I love architecture. Buildings say much about a community and its aspirations. They should reflect the best of civic involvement and tell a story of the people that use and inhabit them. Look at San Xavier, the Fox Theatre, the Arizona Inn, the Rialto/Hotel Congress blocks, the Train Depot, Barrio Viejo, Sam Hughes neighborhood, 4th Avenue, Menlo Park. They all tell good stories, have history and invoke memories for families that have lived here for decades.

Look at this building design, “The Post”. What does it tell you? It tells a story similar to the new public library, the Convention Center, recent city and county buildings, the Speedway and Broadway corridors. They say little or nothing. They say a lot about compromise, poor planning and little foresight. They say much about the McArchitecture that has swept across America during the past 50 years.

I also have to question the marketing scheme behind this enterprise. Anyone can tell you that if something has to marketed in order to sell itself, it is already way NOT cool. Hip doesn’t have to be marketed. It sells itself.

Wait, it’s suddenly all making sense. Bland architecture being marketed and sold to bland people by slick out of town developers who skip town once they’ve duped Tucson taxpayers out of millions of dollars. Didn’t we learn anything when the barrio was bulldozed and the Convention Center was built?

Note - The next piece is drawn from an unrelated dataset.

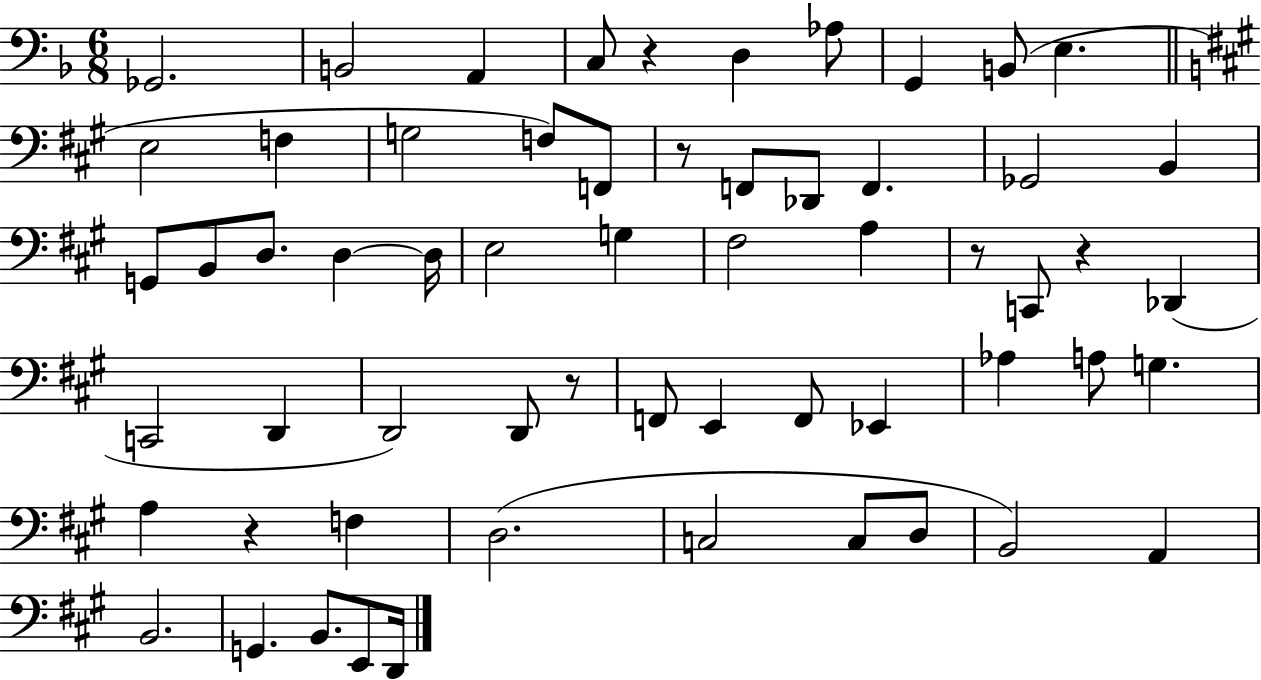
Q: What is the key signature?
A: F major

We need architecture that is bold and innovative, that creates a sense of civic pride. We need buildings like the Phoenix Public Library. Buildings that make us giddy, inspire awe and help us want to participate in a greater community. Tucson needs its 21st century San Xavier.

We can only hope that this is a work in progress, still subject to community review and will be debated in an open, public forum. I hope local architects and designers are invited to participate in this process and that decisions aren’t made by an incestuous group of back slapping politicians and developers behind closed, city doors.

Gary Patch


Details Matter

While it is exciting that the Thrifty Block will finally be developed, the façade of “The Post” project as shown in your article is exactly what downtown Tucson does not need. Our downtown already has too many generic office buildings, and it is surprising that Gromatzky Dupree and Associates have chosen to use that model for what will be a pivotal project in downtown’s momentum.

It should be noted that the façade of the Stone Avenue Standard project, which was also developed by the Fina Company, fell into mediocrity when the choice of windows became flat and uninteresting. A similar fate befell the U of A’s married student housing project on Euclid, otherwise a somewhat appealing collection of buildings. Why spend a lot of energy on design and then let the details slide?

The scale and context of that block of Congress would seem to dictate a stepped-back façade and some acknowledgement that, on a pedestrian-friendly street, details matter.

I understand that the design shown in the article is probably preliminary, but the mixed-use nature of the Thrifty Block project should not look like another government office building.